If you’ve ever had to deal with ajax GET requests in Internet Explorer you will undoubtedly found out that IE will cache responses that have content-type: “application/json”.
As you probably do most of your development using another browser which does not have this behavior (and who can blame you, IE’s developer tools are not great) you might forget about this “feature” of IE.
When time comes to test in IE and this becomes a problem, usually the knee jerk reaction is just to turn off the cache entirely. I’ve seen people doing this using jQuery and Angular, but I bet it’s common with whatever alternative technology you use.
I must confess, I’ve done this myself, more than once. And worst, I’ve added used request headers like:
If-Modified-Since: Mon, 26 Jul 1997 05:00:00 GMT
Cache-Control: no-cache
Pragma: no-cache
Without having a clue of what Pragma
or Cache-Control
are. That’s never a good idea.
I’ve taken the example above directly from the top voted answer in Stack Overflow “Angular IE Caching issue for $http”. It has loads of up-votes, 302 as I write this.

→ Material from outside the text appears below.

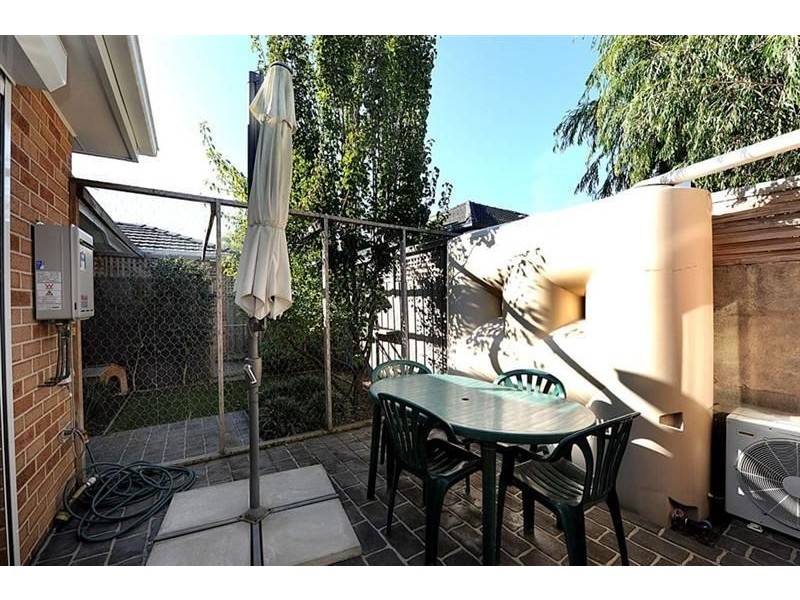 2/5 McRae Street, Seaford VIC 3198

What’s really funny about that answer is that those headers don’t make much sense the way they are (they will work though). But let’s look at each individually.
If-Modified-Since
when used in a GET or HEAD request makes that request “conditional” (that’s the term used in the documentation). For this header to work the web server must be configured to handle it. The web server responds to a request with this header either with a 304 Not Modified or 200 response code. To be able to do this correctly the server must be able to determine if the response has changed. There’s no way for the server to know that a response that was dynamically generated has changed. Unless you are serving static files this won’t work.
Cache-Control
when set with no-cache
means:
The “no-cache” request directive indicates that a cache MUST NOT use a stored response to satisfy the request without successful validation on the origin server. (emphasis mine)
This is from RFC7234 (RFC about caching in HTTP/1.1). How is the validation performed in the origin server then?

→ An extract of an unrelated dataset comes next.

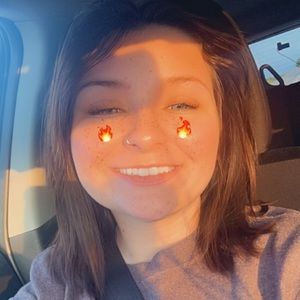 Meet your Posher, Makayla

One way is the server responding to a GET request with a response that contains an ETag header. You can think of that ETag as a hash of the content. If the content changes the ETag changes.
When the browser requests the same resource it will include the previous ETag value. The server can then use this to verify if the content that the browser has is still up to date (this is what is meant by successful validation on the origin server in the RFC). If the content is still up to date the server responds with a 304 Not Modified and the browser uses the cached version of the resource.
None of this happens automatically, especially for a response that is dynamically generated.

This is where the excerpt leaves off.